_Your task_
In the entries that follow, the lines from the one with "Now we select" through the one with "What exactly do" are the ones to write out, exactly and with both ends included. Nothing else should appear.

_Material shown_
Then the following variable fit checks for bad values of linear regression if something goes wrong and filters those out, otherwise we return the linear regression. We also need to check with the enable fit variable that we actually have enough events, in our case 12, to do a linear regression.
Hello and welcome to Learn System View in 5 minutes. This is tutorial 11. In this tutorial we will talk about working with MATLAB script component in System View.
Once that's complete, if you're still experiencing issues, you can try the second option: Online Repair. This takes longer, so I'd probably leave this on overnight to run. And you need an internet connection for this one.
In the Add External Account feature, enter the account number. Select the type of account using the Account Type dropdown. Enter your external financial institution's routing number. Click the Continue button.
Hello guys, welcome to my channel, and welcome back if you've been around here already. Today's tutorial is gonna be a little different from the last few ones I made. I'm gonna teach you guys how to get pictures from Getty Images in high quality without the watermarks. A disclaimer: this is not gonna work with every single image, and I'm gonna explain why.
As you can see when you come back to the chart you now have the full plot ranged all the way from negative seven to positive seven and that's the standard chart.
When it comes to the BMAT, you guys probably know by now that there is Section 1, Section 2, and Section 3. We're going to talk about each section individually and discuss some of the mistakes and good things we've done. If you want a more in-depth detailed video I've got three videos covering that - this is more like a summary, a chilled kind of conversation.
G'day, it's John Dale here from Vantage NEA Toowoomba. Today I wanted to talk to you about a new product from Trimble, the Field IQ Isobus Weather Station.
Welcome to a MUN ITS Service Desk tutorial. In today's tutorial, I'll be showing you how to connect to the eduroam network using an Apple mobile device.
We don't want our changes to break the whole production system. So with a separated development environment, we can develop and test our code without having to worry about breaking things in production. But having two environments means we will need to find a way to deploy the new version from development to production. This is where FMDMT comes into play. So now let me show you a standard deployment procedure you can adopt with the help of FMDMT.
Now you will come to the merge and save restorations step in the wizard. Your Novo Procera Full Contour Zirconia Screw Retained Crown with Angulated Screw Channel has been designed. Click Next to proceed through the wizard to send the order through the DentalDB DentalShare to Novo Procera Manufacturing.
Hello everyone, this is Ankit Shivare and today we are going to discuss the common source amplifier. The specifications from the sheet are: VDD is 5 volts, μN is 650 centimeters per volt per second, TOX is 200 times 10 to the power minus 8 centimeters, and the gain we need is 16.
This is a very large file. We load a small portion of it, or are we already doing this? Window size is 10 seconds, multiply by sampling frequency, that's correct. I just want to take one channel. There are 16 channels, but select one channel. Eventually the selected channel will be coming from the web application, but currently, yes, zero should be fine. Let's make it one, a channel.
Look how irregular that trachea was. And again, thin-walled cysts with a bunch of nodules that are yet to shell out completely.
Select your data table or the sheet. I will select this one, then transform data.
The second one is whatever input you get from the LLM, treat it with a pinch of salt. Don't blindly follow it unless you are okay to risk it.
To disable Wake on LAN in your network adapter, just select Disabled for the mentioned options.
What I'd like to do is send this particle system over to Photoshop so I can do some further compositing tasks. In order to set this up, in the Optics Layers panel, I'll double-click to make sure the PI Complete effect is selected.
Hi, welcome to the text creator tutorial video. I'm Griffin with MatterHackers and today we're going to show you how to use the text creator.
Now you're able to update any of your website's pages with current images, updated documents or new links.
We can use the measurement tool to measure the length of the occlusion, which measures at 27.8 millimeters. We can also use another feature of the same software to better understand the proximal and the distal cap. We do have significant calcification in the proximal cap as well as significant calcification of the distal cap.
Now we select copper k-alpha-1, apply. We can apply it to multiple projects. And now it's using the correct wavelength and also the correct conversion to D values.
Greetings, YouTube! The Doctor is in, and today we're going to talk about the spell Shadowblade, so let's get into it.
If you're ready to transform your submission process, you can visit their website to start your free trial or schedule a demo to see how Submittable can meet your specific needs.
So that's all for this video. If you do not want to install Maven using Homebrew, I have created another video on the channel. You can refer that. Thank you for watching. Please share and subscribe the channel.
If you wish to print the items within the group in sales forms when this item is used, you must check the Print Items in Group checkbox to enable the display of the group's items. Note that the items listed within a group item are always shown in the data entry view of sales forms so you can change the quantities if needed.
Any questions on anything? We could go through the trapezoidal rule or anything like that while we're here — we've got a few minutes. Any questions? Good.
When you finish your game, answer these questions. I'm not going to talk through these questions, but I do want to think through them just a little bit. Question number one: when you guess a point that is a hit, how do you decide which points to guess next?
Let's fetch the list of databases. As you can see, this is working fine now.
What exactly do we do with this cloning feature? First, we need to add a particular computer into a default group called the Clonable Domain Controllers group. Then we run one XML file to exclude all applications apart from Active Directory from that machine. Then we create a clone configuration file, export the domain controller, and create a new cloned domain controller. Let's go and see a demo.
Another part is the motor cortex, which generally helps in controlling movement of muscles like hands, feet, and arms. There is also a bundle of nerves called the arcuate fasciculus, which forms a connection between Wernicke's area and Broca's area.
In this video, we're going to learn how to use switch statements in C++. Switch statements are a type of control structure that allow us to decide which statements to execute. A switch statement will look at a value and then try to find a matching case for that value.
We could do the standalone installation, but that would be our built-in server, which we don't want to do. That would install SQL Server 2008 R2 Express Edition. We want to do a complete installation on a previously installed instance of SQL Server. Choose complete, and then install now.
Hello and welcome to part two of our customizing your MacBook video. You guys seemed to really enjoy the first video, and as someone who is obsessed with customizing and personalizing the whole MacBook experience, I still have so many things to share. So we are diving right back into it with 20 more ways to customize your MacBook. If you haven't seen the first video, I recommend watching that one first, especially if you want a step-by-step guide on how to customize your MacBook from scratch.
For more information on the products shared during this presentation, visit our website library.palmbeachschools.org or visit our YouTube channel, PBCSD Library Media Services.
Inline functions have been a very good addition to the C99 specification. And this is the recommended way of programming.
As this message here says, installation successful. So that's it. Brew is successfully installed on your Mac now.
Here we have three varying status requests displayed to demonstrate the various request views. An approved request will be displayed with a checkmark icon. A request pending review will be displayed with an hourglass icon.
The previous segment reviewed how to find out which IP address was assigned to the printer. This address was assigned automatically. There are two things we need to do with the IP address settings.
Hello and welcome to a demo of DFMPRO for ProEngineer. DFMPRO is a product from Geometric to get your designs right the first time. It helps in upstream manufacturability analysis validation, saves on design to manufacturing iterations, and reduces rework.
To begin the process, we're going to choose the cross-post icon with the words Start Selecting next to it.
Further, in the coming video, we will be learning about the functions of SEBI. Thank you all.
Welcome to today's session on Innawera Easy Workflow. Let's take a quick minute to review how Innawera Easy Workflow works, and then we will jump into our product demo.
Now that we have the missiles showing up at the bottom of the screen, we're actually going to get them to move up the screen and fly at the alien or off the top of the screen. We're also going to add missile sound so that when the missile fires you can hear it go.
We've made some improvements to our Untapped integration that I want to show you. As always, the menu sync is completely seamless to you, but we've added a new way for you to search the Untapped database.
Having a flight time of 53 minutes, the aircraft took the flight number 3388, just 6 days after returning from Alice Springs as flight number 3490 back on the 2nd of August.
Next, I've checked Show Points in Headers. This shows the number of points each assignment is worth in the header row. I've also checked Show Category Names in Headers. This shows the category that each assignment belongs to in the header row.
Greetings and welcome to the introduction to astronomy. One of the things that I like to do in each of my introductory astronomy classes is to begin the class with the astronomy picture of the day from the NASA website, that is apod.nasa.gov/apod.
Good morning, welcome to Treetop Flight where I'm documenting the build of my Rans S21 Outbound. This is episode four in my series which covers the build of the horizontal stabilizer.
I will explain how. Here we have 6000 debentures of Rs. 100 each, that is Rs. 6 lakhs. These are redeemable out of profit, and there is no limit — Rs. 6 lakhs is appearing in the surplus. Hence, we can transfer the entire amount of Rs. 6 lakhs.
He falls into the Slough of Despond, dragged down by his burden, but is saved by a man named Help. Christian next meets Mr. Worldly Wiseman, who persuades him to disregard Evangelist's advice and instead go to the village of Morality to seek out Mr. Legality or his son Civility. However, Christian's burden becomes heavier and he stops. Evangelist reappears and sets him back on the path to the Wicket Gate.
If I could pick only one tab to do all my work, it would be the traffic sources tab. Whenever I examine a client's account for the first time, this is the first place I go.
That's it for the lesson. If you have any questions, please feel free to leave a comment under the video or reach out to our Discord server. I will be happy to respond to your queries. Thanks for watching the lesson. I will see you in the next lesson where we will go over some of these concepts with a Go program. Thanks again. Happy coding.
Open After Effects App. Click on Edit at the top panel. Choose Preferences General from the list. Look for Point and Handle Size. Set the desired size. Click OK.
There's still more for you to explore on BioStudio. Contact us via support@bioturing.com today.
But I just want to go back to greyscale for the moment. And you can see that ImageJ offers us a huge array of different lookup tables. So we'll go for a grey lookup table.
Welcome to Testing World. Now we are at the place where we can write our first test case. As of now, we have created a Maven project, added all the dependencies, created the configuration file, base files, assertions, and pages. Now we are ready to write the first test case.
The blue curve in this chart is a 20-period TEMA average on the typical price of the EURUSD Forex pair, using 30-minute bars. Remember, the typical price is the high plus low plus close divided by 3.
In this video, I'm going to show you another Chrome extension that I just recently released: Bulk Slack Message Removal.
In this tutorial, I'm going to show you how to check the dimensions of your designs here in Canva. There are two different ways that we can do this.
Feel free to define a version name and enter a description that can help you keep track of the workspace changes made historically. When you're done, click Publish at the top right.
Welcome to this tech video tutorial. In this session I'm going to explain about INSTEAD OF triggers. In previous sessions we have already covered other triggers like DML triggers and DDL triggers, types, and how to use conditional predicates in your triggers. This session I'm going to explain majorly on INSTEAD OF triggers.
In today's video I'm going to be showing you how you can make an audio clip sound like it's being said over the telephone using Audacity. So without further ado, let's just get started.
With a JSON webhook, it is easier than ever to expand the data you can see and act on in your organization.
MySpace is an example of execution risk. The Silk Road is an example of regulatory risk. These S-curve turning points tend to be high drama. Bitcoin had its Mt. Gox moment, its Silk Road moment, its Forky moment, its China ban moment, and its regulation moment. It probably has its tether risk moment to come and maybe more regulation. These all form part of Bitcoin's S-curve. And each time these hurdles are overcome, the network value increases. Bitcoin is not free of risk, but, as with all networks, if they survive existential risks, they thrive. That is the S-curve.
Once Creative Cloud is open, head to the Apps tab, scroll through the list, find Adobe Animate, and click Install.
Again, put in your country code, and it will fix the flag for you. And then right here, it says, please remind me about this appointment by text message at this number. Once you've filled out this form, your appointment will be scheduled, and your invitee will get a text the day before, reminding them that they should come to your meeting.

_Exercise response_
Now we select copper k-alpha-1, apply. We can apply it to multiple projects. And now it's using the correct wavelength and also the correct conversion to D values.
Greetings, YouTube! The Doctor is in, and today we're going to talk about the spell Shadowblade, so let's get into it.
If you're ready to transform your submission process, you can visit their website to start your free trial or schedule a demo to see how Submittable can meet your specific needs.
So that's all for this video. If you do not want to install Maven using Homebrew, I have created another video on the channel. You can refer that. Thank you for watching. Please share and subscribe the channel.
If you wish to print the items within the group in sales forms when this item is used, you must check the Print Items in Group checkbox to enable the display of the group's items. Note that the items listed within a group item are always shown in the data entry view of sales forms so you can change the quantities if needed.
Any questions on anything? We could go through the trapezoidal rule or anything like that while we're here — we've got a few minutes. Any questions? Good.
When you finish your game, answer these questions. I'm not going to talk through these questions, but I do want to think through them just a little bit. Question number one: when you guess a point that is a hit, how do you decide which points to guess next?
Let's fetch the list of databases. As you can see, this is working fine now.
What exactly do we do with this cloning feature? First, we need to add a particular computer into a default group called the Clonable Domain Controllers group. Then we run one XML file to exclude all applications apart from Active Directory from that machine. Then we create a clone configuration file, export the domain controller, and create a new cloned domain controller. Let's go and see a demo.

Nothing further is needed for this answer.